The most recent case of VVCP or Viral Video Catch Phrase, came in the form of one Bill O’Reilly. The Fox News sponsored bigot was recently seen in a viral video linked from every blog whether in the comment or post section. Why should we be any different.

“F*ck It! We’ll do it live!”

other popular catch phrases are

“I’m da bess mayne…. I did it…”

“It’s fun to do bad stuff”

and the over all goat of viral quotes, having been featured in rap songs and video games alike.

“Oh you mad cause I’m Stylin on you…”

Blogging in a collective has also taught me that.. Fuck a discussion about politics, or religion. A debate about your favorite rapper when it comes to a list of any sort, will have muthafuckas circling your crib with the quickness. Word to Greeny holding a rusty machete to my throat in the name of Trick Daddy Dollars.

If you want your blog to impact instantly… make sure you’re famous before you start posting.

It’s a little known secret that The Just Blazes and Kanye Wests of the world really didn’t want to make music or gain fame and critical acclaim simply for the money and high profile lifestyle. They actually did it to eventually make the transition into blogging.

Case in point… to avoid all the net hate, being famous is key because instead of hating on your post about “Was princess Lea hotter than the chick from Wierd Science” The haters will turn into fans who marvel at the celebrities inarguable depth and ability to “Like what I like!”

Even Young Jeezy said “I aint a rapper… I’m a blogger who raps”

[ editor’s note: Young Jeezy NEVER said that]

One thing we all agreed upon before forming this collective was, the need for gym memberships in our respective cities. As a blogger’s myth grows to legend and the names of bloggers grow with the passing weeks, you as a blogger might eventually make the jump to the 240 x 320 pixel screen. If that jump ever does happen, you wish to avoid BCBHS at all costs… or as we in the industry call it the Byron Crawford Bobble Head Syndrome. Of course it is good to take note of who would be at risk, and help them get their massive noggin under control with a strict work out regimen.

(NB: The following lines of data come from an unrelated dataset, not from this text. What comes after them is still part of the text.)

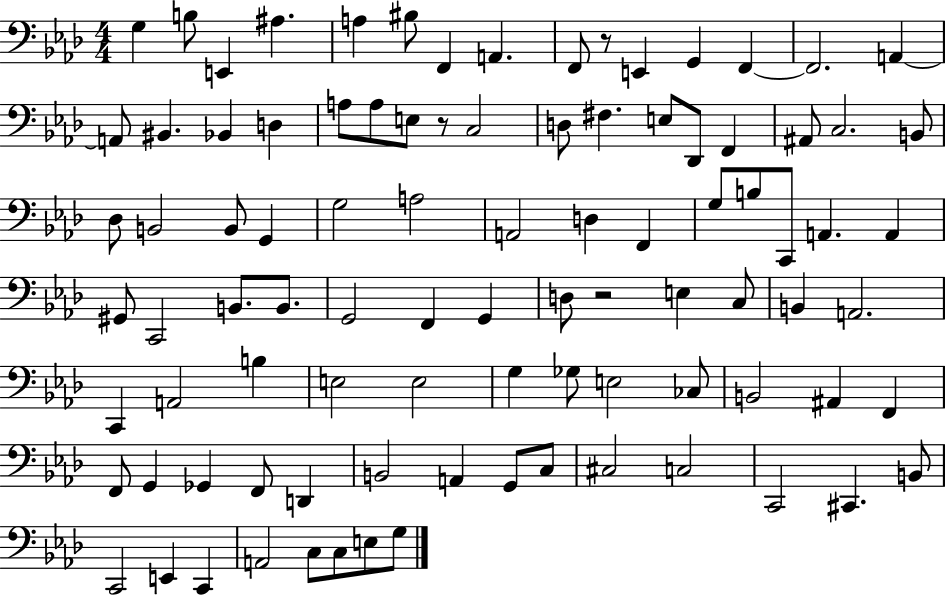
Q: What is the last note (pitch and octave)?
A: G3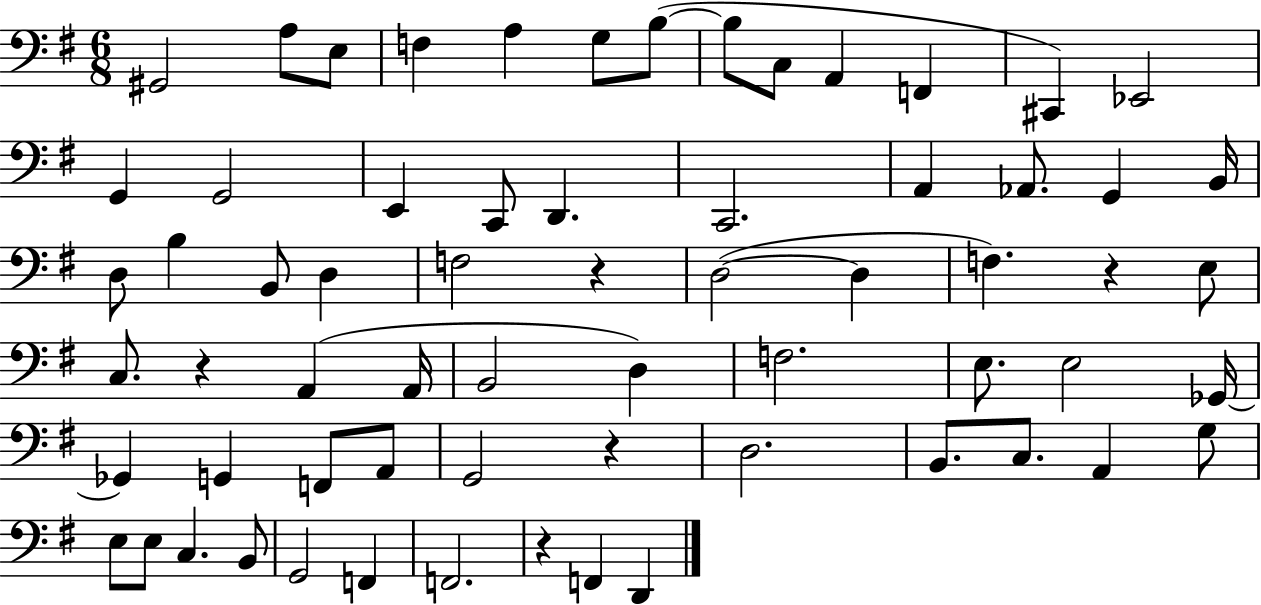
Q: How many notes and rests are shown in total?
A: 65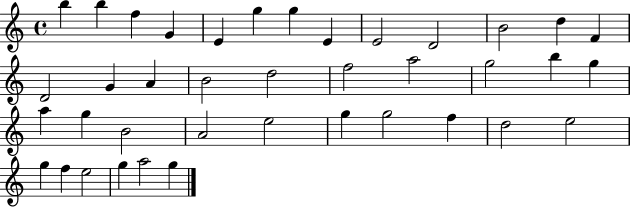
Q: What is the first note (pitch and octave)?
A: B5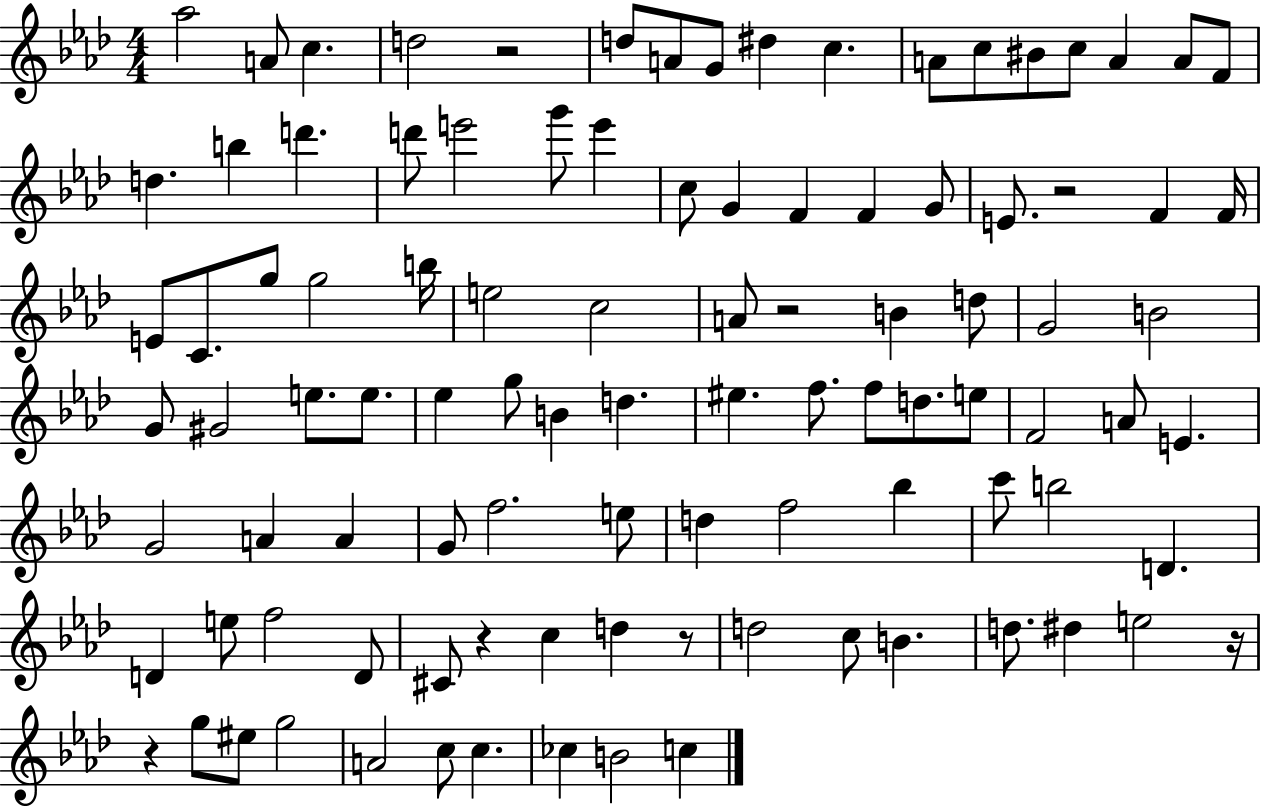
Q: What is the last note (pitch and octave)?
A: C5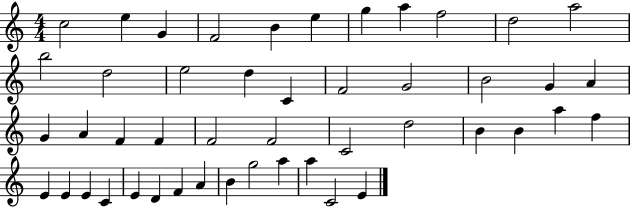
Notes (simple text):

C5/h E5/q G4/q F4/h B4/q E5/q G5/q A5/q F5/h D5/h A5/h B5/h D5/h E5/h D5/q C4/q F4/h G4/h B4/h G4/q A4/q G4/q A4/q F4/q F4/q F4/h F4/h C4/h D5/h B4/q B4/q A5/q F5/q E4/q E4/q E4/q C4/q E4/q D4/q F4/q A4/q B4/q G5/h A5/q A5/q C4/h E4/q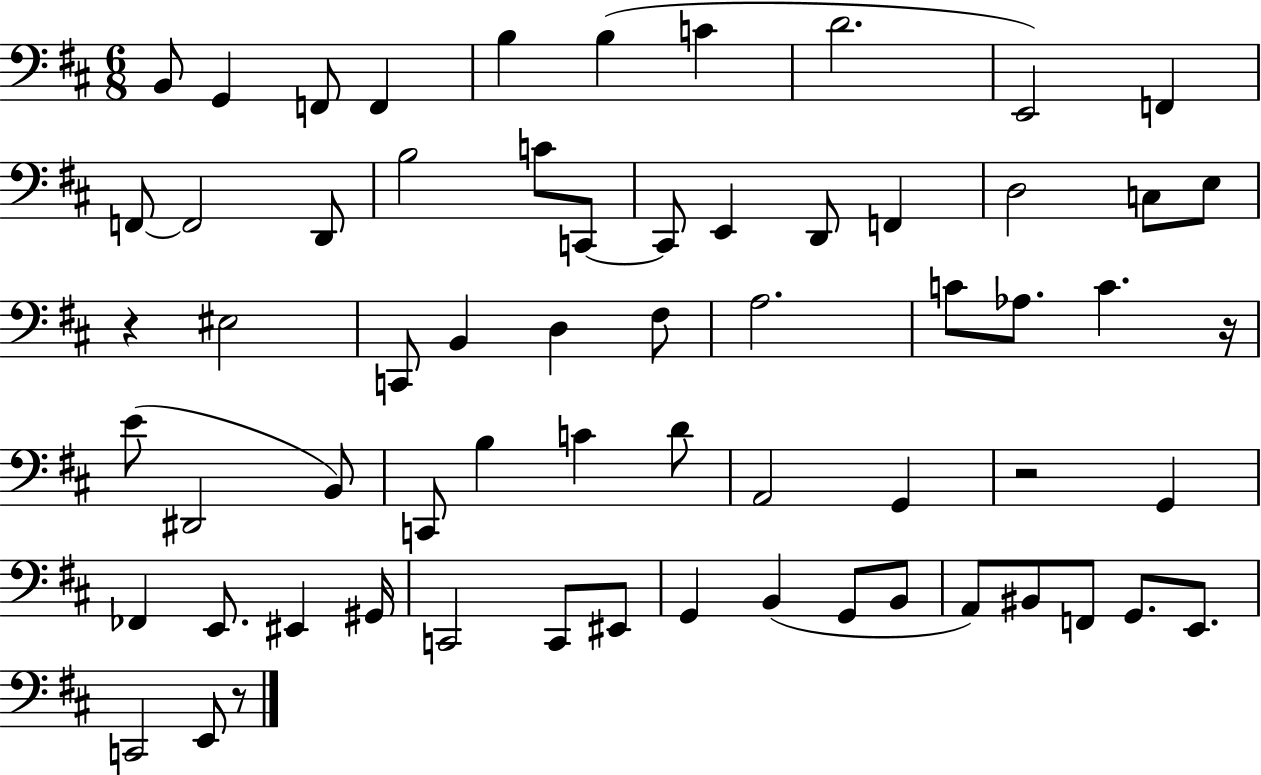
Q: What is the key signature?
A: D major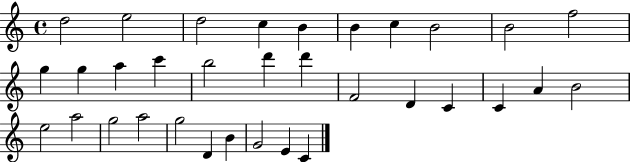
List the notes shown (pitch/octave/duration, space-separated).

If your blog makes enough noise eventually rappers will start to comment in songs about the fact that you called them Talentless Hipster Wanna Be’s. These same rappers will take a second from hugging the block in a smedium polo shirt and ironic 80’s jewelry, to log on and comment veraciously. The bigger the blog the bigger the rapper who gets offended. To date I only have Magoo sendin me death threats.

Nothing on the blog is an exclusive or original. The fact is in this era of instant gratification, anything posted somewhere will eventually be everywhere. Ol anything you can do I can do better lookin asses…

Something else I discovered is The blogosphere is more homophobic than a Dipset video shoot. And while nothing but hardcore, millionaire rap experts flood the comment section, every single one of em will go through extreme lengths (no homo) to show that they are indeed hetero. Taking (never that) every day words with no context in the homosexual frame (pause) and making sure to disclaim them so as to tie up any loose ends (No homo just in case) regarding anyone thinking ill about their sexuality. Some bloggers, despite this rampant homophobia, throw caution to the wind and still manage to go impeccably hard within their posts. We admire their STC.

I learned more in my time with the illustrious Alumnah, but these are just a few things I picked up.